Spanish ultralight aircraft

The Vol Xerpa ULM Pulsar is a Spanish ultralight aircraft produced by Vol Xerpa of Barcelona. The aircraft is supplied as a kit for amateur construction or as a complete ready-to-fly-aircraft.

==Design and development==
The Pulsar is a development of the conventional landing gear-equipped Kolb Firestar II and was designed to comply with the Fédération Aéronautique Internationale microlight rules. It features a strut-braced high-wing, a two-seats-in-side-by-side configuration enclosed or open cockpit, fixed tricycle landing gear with wheel pants and a single engine in tractor configuration.

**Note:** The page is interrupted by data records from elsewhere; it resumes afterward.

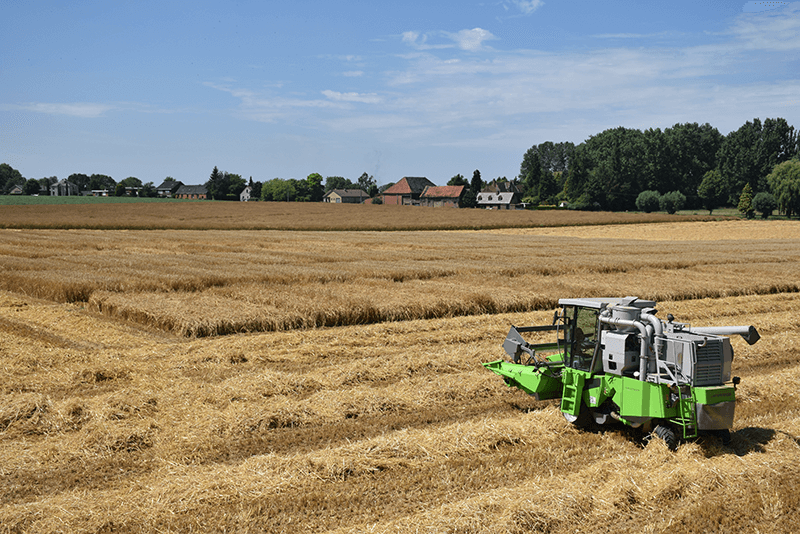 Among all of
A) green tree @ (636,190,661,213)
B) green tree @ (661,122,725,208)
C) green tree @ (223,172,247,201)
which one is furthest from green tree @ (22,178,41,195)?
green tree @ (661,122,725,208)

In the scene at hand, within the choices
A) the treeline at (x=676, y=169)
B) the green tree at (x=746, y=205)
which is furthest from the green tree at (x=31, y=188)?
the green tree at (x=746, y=205)

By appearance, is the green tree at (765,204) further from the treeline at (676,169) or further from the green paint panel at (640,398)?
the green paint panel at (640,398)

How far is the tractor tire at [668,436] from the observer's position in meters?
8.04

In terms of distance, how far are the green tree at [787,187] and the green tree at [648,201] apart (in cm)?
2006

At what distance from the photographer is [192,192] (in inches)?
7387

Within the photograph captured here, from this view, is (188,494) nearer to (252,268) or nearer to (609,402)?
(609,402)

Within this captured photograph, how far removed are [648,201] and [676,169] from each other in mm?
26501

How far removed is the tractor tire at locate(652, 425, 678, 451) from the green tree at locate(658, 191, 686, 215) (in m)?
121

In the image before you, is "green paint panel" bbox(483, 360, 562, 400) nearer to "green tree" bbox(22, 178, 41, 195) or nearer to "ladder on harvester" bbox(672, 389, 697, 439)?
"ladder on harvester" bbox(672, 389, 697, 439)

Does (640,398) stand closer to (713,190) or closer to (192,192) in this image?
(713,190)

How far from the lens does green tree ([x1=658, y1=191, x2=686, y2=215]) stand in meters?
120

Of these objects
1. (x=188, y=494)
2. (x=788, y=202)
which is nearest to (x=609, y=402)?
(x=188, y=494)

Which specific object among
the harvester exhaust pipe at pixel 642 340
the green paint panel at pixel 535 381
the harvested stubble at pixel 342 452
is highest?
the harvester exhaust pipe at pixel 642 340

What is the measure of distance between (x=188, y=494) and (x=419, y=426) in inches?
138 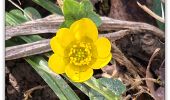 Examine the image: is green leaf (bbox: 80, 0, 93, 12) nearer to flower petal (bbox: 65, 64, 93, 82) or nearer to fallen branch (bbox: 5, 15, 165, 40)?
fallen branch (bbox: 5, 15, 165, 40)

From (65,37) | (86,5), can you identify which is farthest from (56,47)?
(86,5)

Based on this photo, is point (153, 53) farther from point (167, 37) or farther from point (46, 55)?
point (46, 55)

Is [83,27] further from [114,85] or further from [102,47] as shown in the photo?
[114,85]

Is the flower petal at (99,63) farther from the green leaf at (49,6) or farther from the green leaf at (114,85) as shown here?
the green leaf at (49,6)

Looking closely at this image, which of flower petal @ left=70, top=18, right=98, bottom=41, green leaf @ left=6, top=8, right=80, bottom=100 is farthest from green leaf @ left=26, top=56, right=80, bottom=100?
flower petal @ left=70, top=18, right=98, bottom=41

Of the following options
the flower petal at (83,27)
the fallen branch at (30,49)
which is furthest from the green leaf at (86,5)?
the fallen branch at (30,49)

The aircraft is made from bolted-together aluminum tubing, with its flying surfaces covered in doped aircraft fabric. Its 9.2 m span wing has an area of 14.75 m2 and includes a folding feature to facilitate ground transportation or storage. The standard engine available is the 64 hp Rotax 582 two-stroke powerplant.

The standard version has only a windshield, but a fully enclosed cockpit fairing is available.